» WHAT THE TASK ASKS
The records are to be restated in their entirety, word for word.

» DATA TO EXAMINE
--------------------------------------------------

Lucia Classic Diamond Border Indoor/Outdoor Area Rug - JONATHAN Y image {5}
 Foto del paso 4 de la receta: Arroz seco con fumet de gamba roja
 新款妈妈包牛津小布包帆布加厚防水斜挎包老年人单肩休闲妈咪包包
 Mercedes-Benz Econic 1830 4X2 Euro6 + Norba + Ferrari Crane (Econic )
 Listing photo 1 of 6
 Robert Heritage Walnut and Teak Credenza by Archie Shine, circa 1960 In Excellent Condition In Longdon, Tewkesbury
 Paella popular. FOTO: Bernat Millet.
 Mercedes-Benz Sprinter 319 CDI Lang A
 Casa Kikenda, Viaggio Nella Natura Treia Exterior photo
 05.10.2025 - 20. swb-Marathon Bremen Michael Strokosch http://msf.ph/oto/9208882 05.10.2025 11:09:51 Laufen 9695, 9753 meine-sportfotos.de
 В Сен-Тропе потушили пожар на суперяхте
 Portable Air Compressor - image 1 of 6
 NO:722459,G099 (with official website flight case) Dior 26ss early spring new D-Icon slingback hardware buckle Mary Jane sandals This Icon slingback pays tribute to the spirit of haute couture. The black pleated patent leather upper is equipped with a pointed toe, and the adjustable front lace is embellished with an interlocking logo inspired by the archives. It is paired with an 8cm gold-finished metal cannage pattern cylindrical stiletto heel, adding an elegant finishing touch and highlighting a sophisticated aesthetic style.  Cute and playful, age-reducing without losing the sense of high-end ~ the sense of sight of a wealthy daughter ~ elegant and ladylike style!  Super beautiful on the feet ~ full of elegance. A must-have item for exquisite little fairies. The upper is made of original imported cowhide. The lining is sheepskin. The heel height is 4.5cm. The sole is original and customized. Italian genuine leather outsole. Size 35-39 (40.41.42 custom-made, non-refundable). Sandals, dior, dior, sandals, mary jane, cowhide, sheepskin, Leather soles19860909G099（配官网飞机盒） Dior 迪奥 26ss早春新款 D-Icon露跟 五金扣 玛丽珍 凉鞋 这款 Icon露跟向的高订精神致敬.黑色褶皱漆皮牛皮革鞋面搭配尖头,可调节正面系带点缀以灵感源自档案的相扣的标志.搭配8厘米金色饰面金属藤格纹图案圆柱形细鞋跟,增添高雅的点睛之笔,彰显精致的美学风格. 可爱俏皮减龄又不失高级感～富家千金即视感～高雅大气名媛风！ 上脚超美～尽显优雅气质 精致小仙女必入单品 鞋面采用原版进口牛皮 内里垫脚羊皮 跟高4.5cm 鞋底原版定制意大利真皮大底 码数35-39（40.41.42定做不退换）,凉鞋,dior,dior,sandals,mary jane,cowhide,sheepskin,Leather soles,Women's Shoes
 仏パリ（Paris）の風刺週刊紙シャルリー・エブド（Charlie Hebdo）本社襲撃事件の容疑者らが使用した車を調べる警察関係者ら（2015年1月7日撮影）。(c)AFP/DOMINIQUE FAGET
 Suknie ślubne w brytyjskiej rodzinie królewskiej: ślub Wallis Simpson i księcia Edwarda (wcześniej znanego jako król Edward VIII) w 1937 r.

--------------------------------------------------

» OUTPUT OF THE TASK
Lucia Classic Diamond Border Indoor/Outdoor Area Rug - JONATHAN Y image {5}
 Foto del paso 4 de la receta: Arroz seco con fumet de gamba roja
 新款妈妈包牛津小布包帆布加厚防水斜挎包老年人单肩休闲妈咪包包
 Mercedes-Benz Econic 1830 4X2 Euro6 + Norba + Ferrari Crane (Econic )
 Listing photo 1 of 6
 Robert Heritage Walnut and Teak Credenza by Archie Shine, circa 1960 In Excellent Condition In Longdon, Tewkesbury
 Paella popular. FOTO: Bernat Millet.
 Mercedes-Benz Sprinter 319 CDI Lang A
 Casa Kikenda, Viaggio Nella Natura Treia Exterior photo
 05.10.2025 - 20. swb-Marathon Bremen Michael Strokosch http://msf.ph/oto/9208882 05.10.2025 11:09:51 Laufen 9695, 9753 meine-sportfotos.de
 В Сен-Тропе потушили пожар на суперяхте
 Portable Air Compressor - image 1 of 6
 NO:722459,G099 (with official website flight case) Dior 26ss early spring new D-Icon slingback hardware buckle Mary Jane sandals This Icon slingback pays tribute to the spirit of haute couture. The black pleated patent leather upper is equipped with a pointed toe, and the adjustable front lace is embellished with an interlocking logo inspired by the archives. It is paired with an 8cm gold-finished metal cannage pattern cylindrical stiletto heel, adding an elegant finishing touch and highlighting a sophisticated aesthetic style.  Cute and playful, age-reducing without losing the sense of high-end ~ the sense of sight of a wealthy daughter ~ elegant and ladylike style!  Super beautiful on the feet ~ full of elegance. A must-have item for exquisite little fairies. The upper is made of original imported cowhide. The lining is sheepskin. The heel height is 4.5cm. The sole is original and customized. Italian genuine leather outsole. Size 35-39 (40.41.42 custom-made, non-refundable). Sandals, dior, dior, sandals, mary jane, cowhide, sheepskin, Leather soles19860909G099（配官网飞机盒） Dior 迪奥 26ss早春新款 D-Icon露跟 五金扣 玛丽珍 凉鞋 这款 Icon露跟向的高订精神致敬.黑色褶皱漆皮牛皮革鞋面搭配尖头,可调节正面系带点缀以灵感源自档案的相扣的标志.搭配8厘米金色饰面金属藤格纹图案圆柱形细鞋跟,增添高雅的点睛之笔,彰显精致的美学风格. 可爱俏皮减龄又不失高级感～富家千金即视感～高雅大气名媛风！ 上脚超美～尽显优雅气质 精致小仙女必入单品 鞋面采用原版进口牛皮 内里垫脚羊皮 跟高4.5cm 鞋底原版定制意大利真皮大底 码数35-39（40.41.42定做不退换）,凉鞋,dior,dior,sandals,mary jane,cowhide,sheepskin,Leather soles,Women's Shoes
 仏パリ（Paris）の風刺週刊紙シャルリー・エブド（Charlie Hebdo）本社襲撃事件の容疑者らが使用した車を調べる警察関係者ら（2015年1月7日撮影）。(c)AFP/DOMINIQUE FAGET
 Suknie ślubne w brytyjskiej rodzinie królewskiej: ślub Wallis Simpson i księcia Edwarda (wcześniej znanego jako król Edward VIII) w 1937 r.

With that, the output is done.